- Provided records:
--- START ---

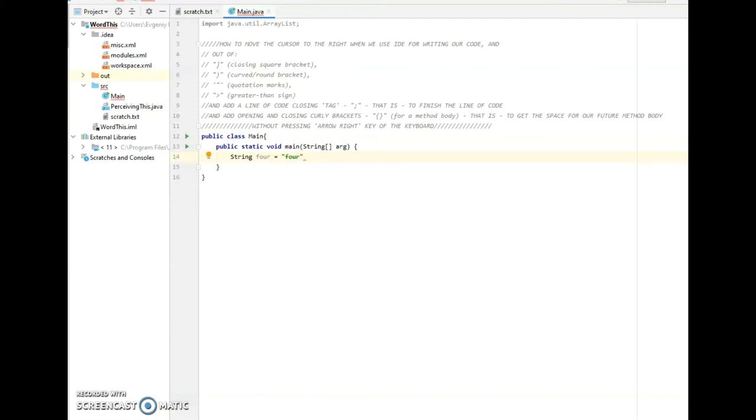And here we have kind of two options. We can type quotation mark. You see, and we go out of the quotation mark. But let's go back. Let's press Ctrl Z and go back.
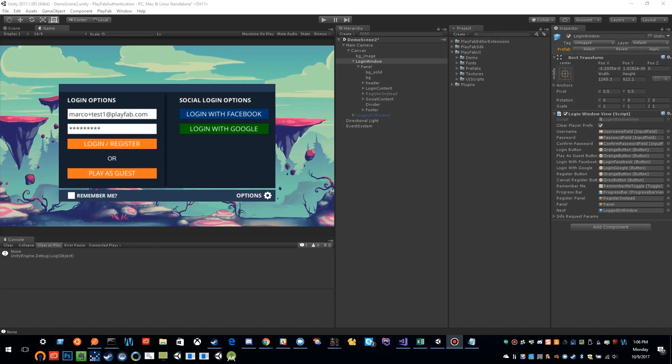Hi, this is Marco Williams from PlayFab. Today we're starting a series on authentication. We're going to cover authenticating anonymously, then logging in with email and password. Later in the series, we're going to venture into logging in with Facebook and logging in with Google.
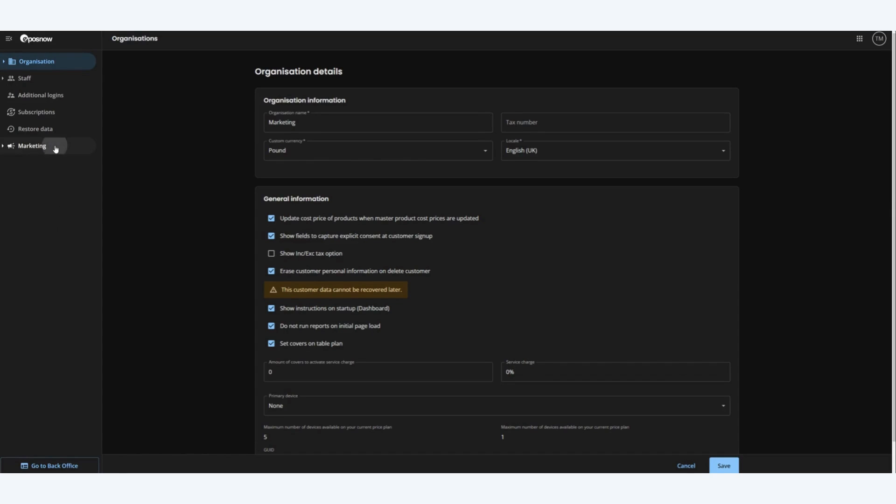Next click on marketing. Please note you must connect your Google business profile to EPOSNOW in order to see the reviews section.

--- END ---
--- START ---

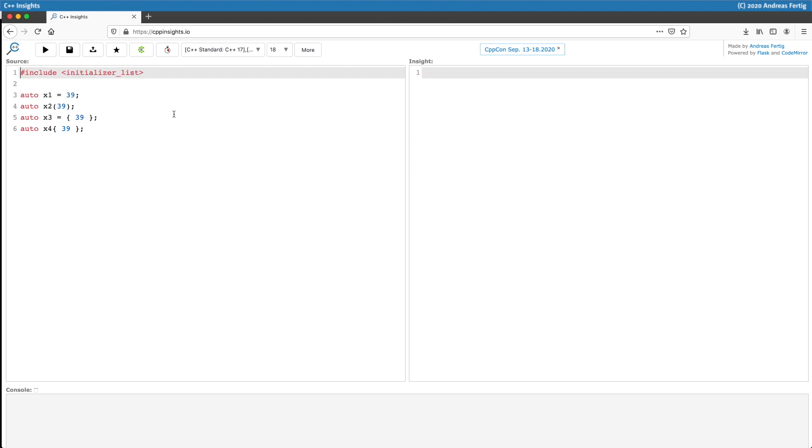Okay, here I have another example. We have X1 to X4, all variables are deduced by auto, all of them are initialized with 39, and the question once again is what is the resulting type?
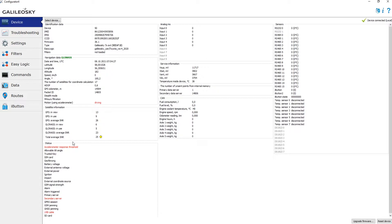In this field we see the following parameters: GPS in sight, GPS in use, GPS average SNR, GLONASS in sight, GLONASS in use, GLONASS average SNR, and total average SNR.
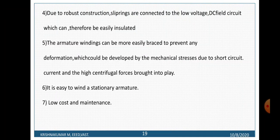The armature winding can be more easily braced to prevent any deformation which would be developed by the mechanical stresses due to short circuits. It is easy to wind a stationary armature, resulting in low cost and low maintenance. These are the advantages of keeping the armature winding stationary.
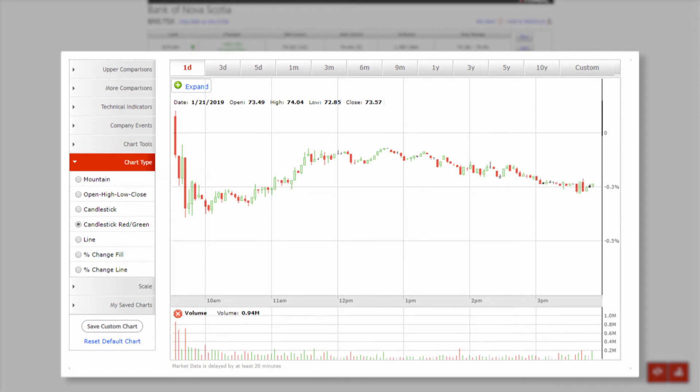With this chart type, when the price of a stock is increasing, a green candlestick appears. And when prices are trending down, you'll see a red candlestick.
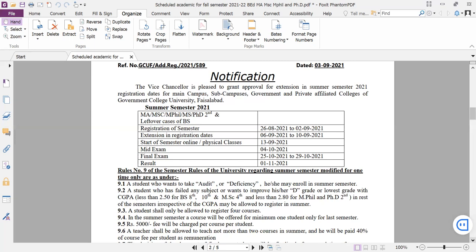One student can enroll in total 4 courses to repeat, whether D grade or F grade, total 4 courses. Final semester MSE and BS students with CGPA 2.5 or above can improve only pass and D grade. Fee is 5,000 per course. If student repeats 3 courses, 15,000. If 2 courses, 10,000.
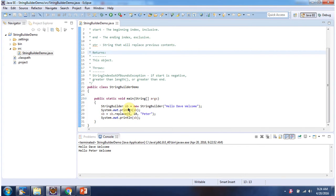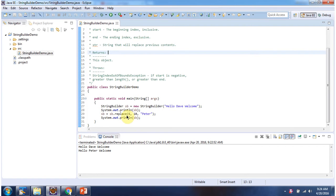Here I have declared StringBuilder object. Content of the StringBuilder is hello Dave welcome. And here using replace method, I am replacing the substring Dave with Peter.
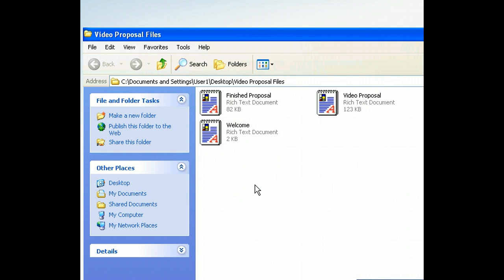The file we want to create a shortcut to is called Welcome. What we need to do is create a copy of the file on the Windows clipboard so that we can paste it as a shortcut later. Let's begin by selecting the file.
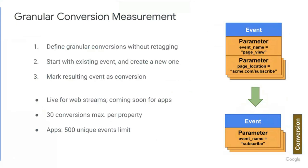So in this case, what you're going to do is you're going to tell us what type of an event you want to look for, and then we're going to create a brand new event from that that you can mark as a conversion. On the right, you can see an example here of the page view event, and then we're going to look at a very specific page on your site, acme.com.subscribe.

--- END ---

- Assignment:
Return exactly the lines above, from the one with "And here we" up to and including the one with "Next click on", and include no pictures.

- Written solution:
And here we have kind of two options. We can type quotation mark. You see, and we go out of the quotation mark. But let's go back. Let's press Ctrl Z and go back.
Hi, this is Marco Williams from PlayFab. Today we're starting a series on authentication. We're going to cover authenticating anonymously, then logging in with email and password. Later in the series, we're going to venture into logging in with Facebook and logging in with Google.
Next click on marketing. Please note you must connect your Google business profile to EPOSNOW in order to see the reviews section.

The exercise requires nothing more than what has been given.